# [Your task]
Print every line below exactly as written, but leave the pictures behind.

Records from a dataset
════

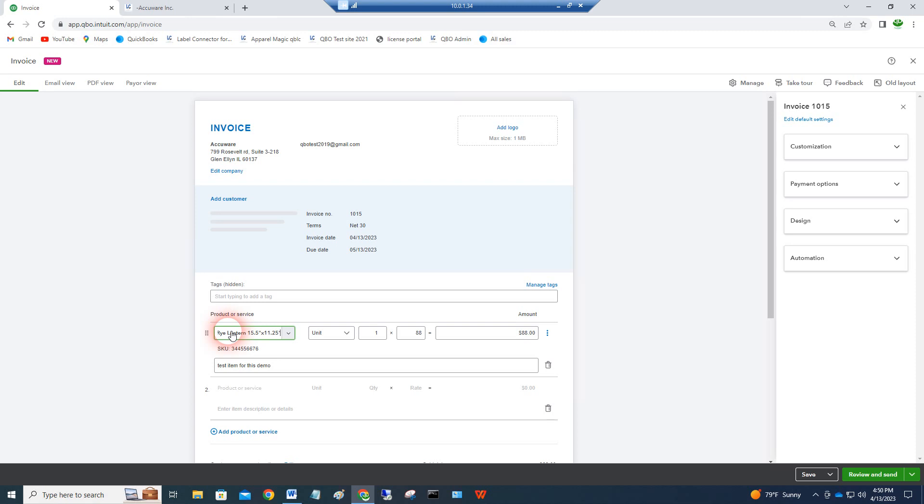It works great with barcode scanning. Please contact Label Connector from Accuware Incorporated if you have any further questions. We have links in the description of the video on how to reach us by phone or email and our website. Thank you.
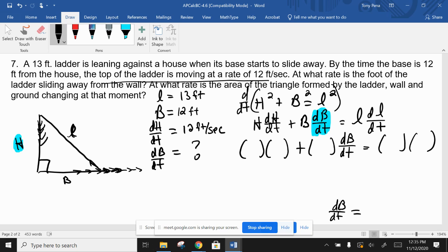Think about what we're finding - the rate of change of B. Look at the diagram: B is getting bigger as the ladder slides out, so we need a positive rate of change. If your answer comes out negative, don't just flip the sign at the end - figure out where the negative should have come from in the work. The work itself should produce the correct positive answer.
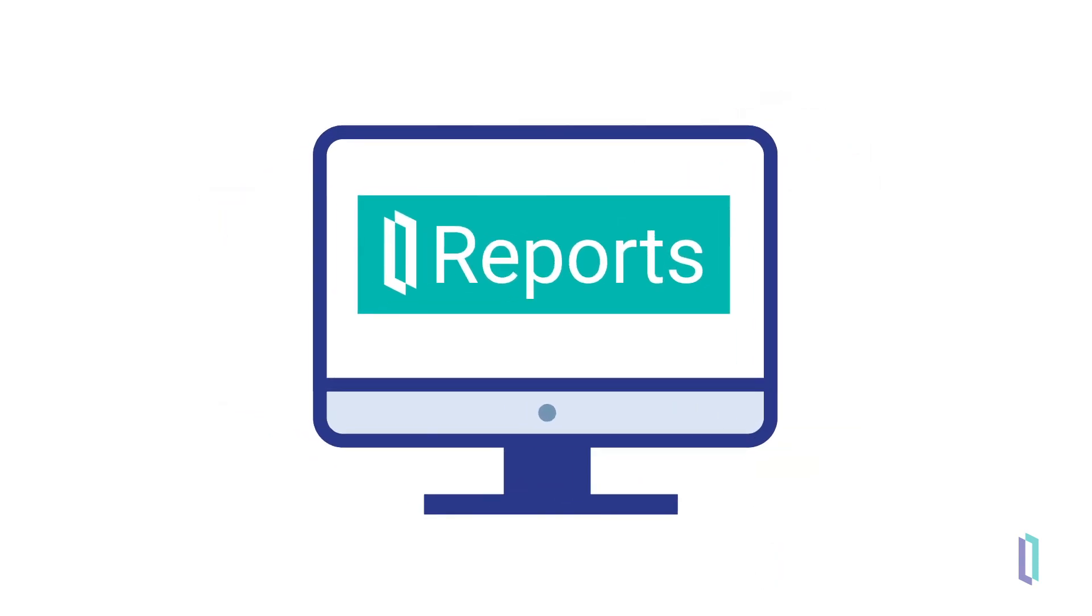With InterSystems Reports, creating visually appealing and easy-to-understand reports has never been easier.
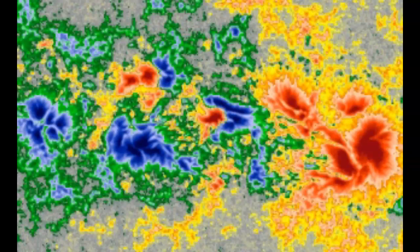B — Beta, a sunspot group that has a positive and negative polarity, or bipolar, with a simple division between the polarities. Y or Gamma — a complex region in which the positive and negative polarities are so irregularly distributed that they can't be classified as a bipolar sunspot group.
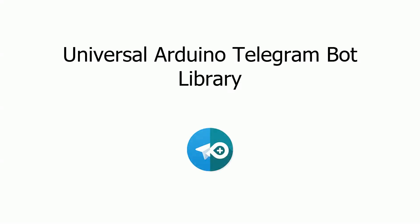Hi everyone, in this video I'm going to be talking about the universal Arduino telegram bot library that is available on the Arduino library manager or on my github. I think it's a great way of interacting with your Arduino from anywhere in the world with minimal setup.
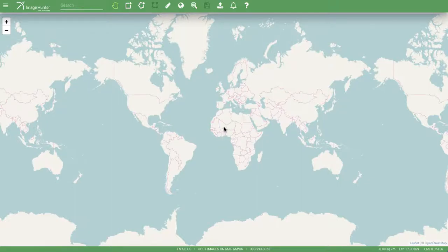Hi everyone and welcome to this quick video introduction to Image Hunter, a satellite imagery search engine powered by us here at Apollo Mapping that lets you search for imagery anywhere in the world and across multiple companies, satellites, and resolutions.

════

# [Final answer]
It works great with barcode scanning. Please contact Label Connector from Accuware Incorporated if you have any further questions. We have links in the description of the video on how to reach us by phone or email and our website. Thank you.
Think about what we're finding - the rate of change of B. Look at the diagram: B is getting bigger as the ladder slides out, so we need a positive rate of change. If your answer comes out negative, don't just flip the sign at the end - figure out where the negative should have come from in the work. The work itself should produce the correct positive answer.
With InterSystems Reports, creating visually appealing and easy-to-understand reports has never been easier.
B — Beta, a sunspot group that has a positive and negative polarity, or bipolar, with a simple division between the polarities. Y or Gamma — a complex region in which the positive and negative polarities are so irregularly distributed that they can't be classified as a bipolar sunspot group.
Hi everyone, in this video I'm going to be talking about the universal Arduino telegram bot library that is available on the Arduino library manager or on my github. I think it's a great way of interacting with your Arduino from anywhere in the world with minimal setup.
Hi everyone and welcome to this quick video introduction to Image Hunter, a satellite imagery search engine powered by us here at Apollo Mapping that lets you search for imagery anywhere in the world and across multiple companies, satellites, and resolutions.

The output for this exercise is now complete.